» **What you have to do**: Would you print the lines below exactly, beginning at the line that has "View of the" and stopping after the line that has "W), 42878OZ, 1-Light"? Only those lines, and no pictures.

» **Material shown**:
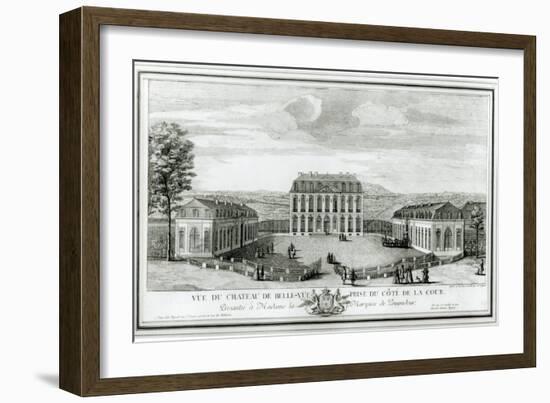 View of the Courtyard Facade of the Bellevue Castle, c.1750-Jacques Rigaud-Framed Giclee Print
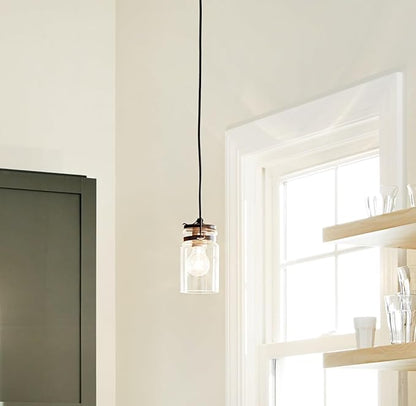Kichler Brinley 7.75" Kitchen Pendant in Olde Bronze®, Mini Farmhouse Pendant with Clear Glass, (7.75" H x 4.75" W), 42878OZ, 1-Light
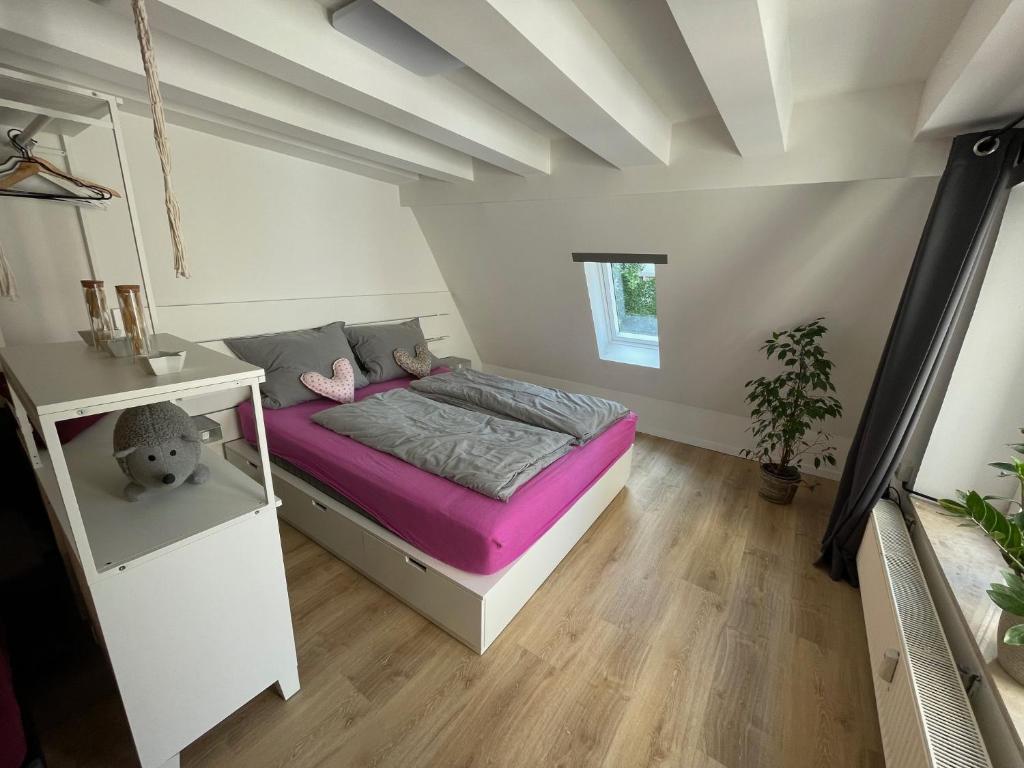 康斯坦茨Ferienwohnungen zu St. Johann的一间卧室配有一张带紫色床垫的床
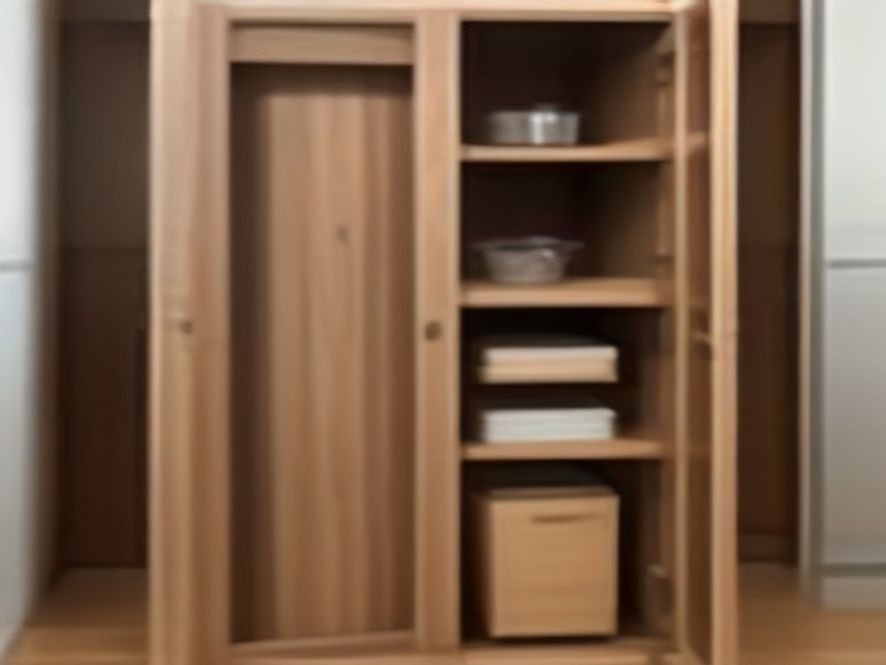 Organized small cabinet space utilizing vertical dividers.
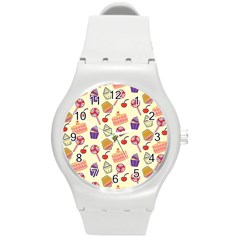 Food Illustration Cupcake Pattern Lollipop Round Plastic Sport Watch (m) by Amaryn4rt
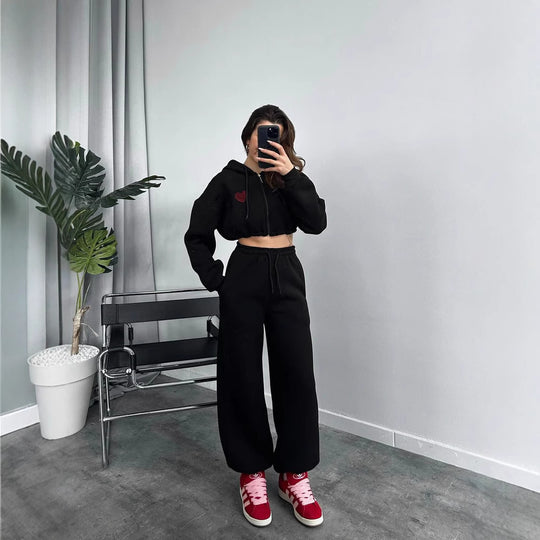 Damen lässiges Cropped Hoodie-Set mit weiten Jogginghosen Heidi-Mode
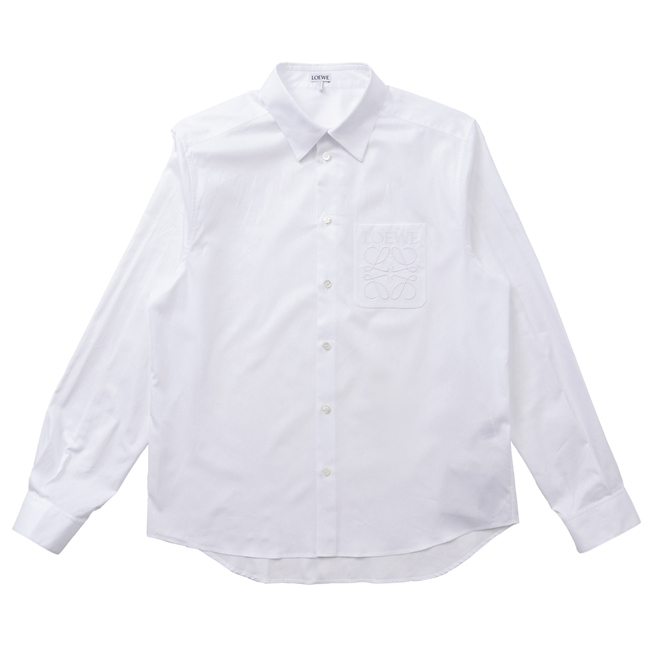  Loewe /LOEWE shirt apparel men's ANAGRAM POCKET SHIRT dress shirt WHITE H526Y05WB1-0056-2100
==
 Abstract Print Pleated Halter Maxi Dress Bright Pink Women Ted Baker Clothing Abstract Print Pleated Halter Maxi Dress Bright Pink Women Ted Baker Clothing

» **Solved exercise**:
 View of the Courtyard Facade of the Bellevue Castle, c.1750-Jacques Rigaud-Framed Giclee Print
Kichler Brinley 7.75" Kitchen Pendant in Olde Bronze®, Mini Farmhouse Pendant with Clear Glass, (7.75" H x 4.75" W), 42878OZ, 1-Light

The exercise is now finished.